** WHAT YOU ARE ASKED TO DO **
Retype exactly every line from the one that includes "Vintage vogue 2686" through the final line of the listing, both ends kept, and omit the pictures.

** RECORDS **
------

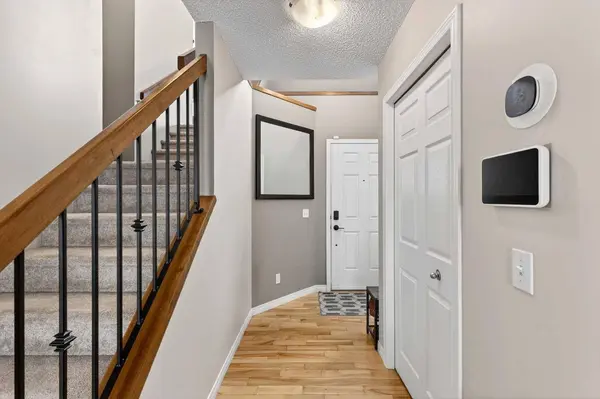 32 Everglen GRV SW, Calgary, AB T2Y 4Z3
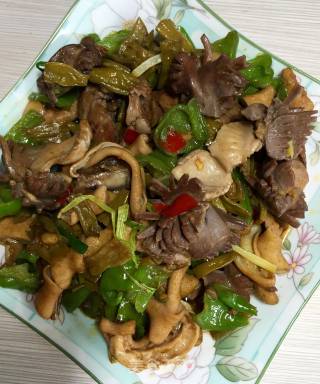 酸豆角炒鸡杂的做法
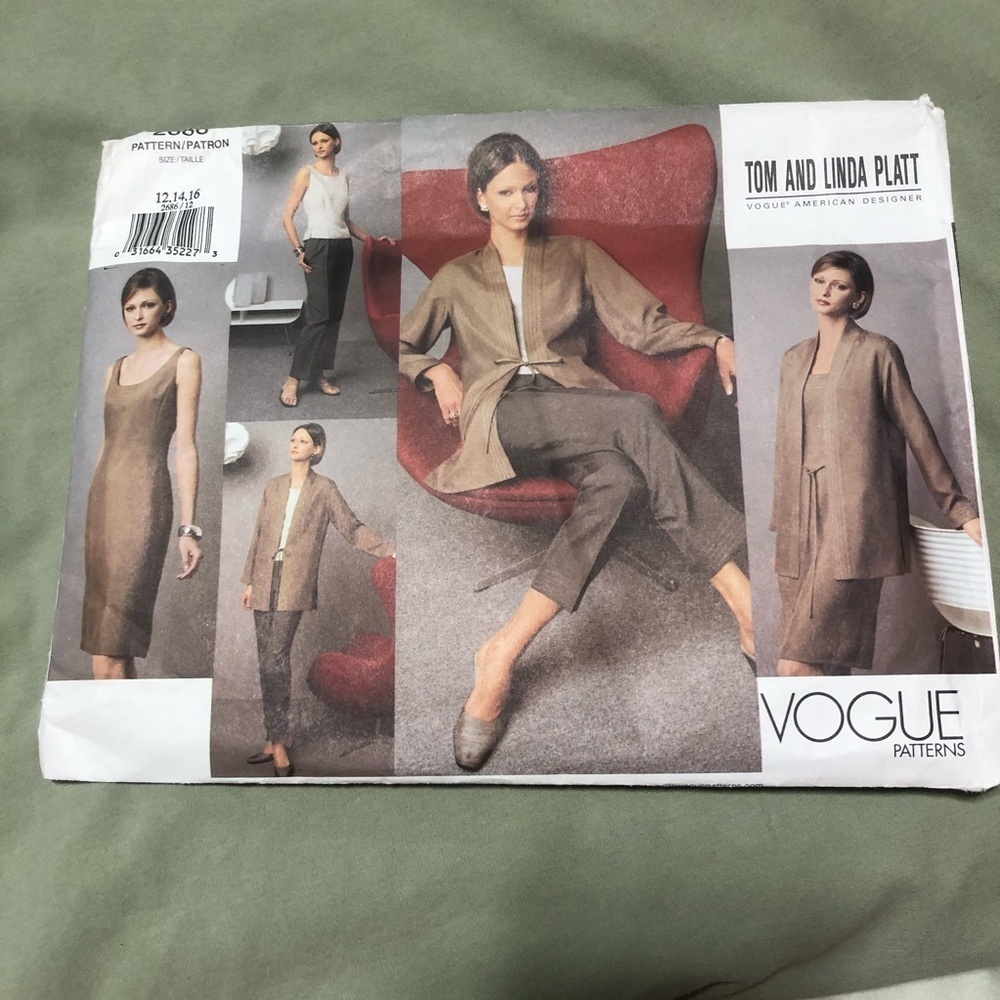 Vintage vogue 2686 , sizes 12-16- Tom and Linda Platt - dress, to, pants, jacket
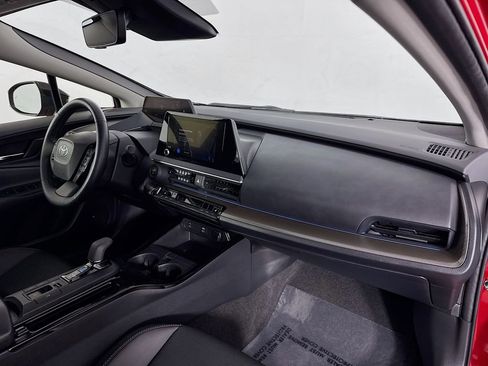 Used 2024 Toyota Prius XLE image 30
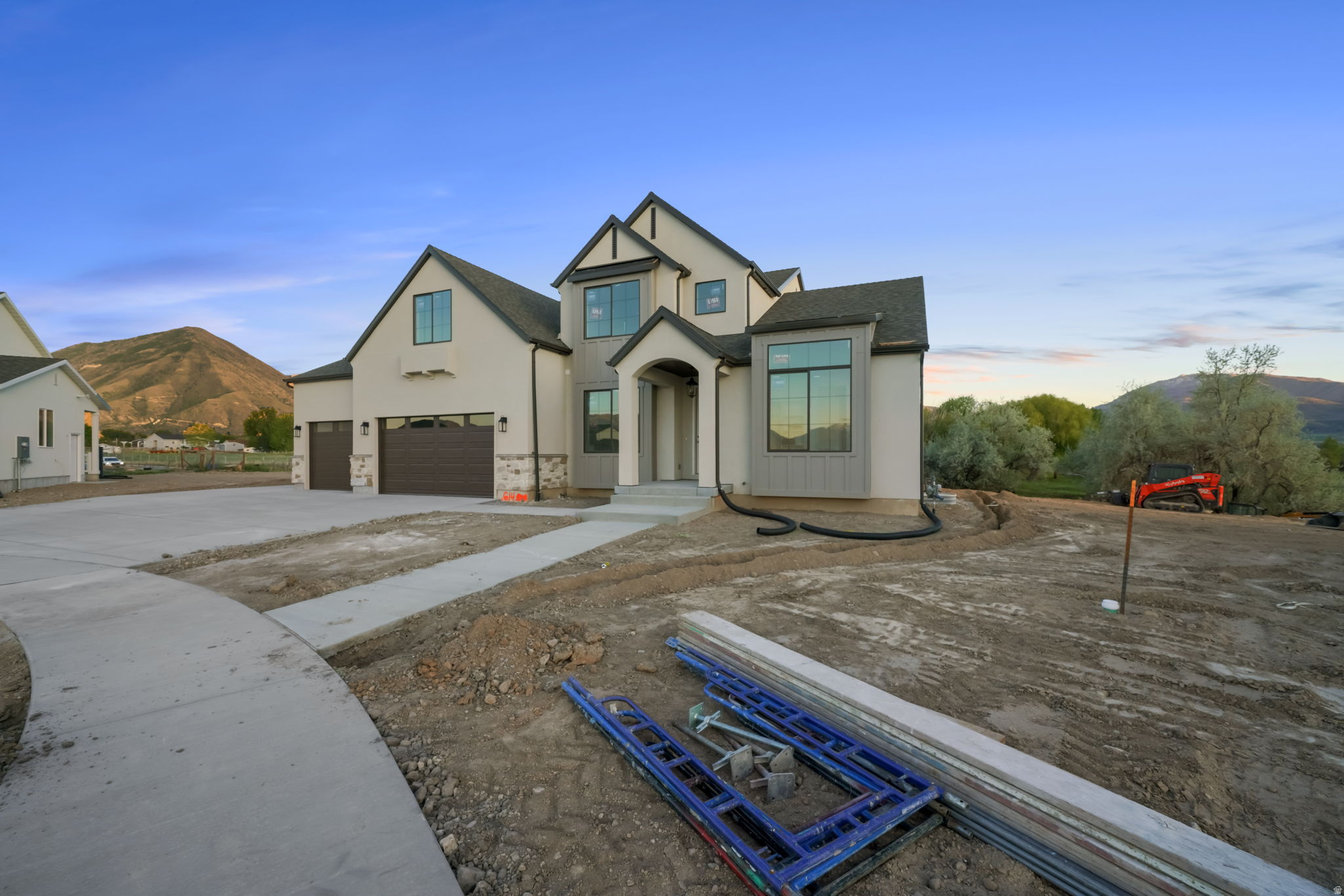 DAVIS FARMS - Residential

------

** YOUR SOLUTION **
 Vintage vogue 2686 , sizes 12-16- Tom and Linda Platt - dress, to, pants, jacket
 Used 2024 Toyota Prius XLE image 30
 DAVIS FARMS - Residential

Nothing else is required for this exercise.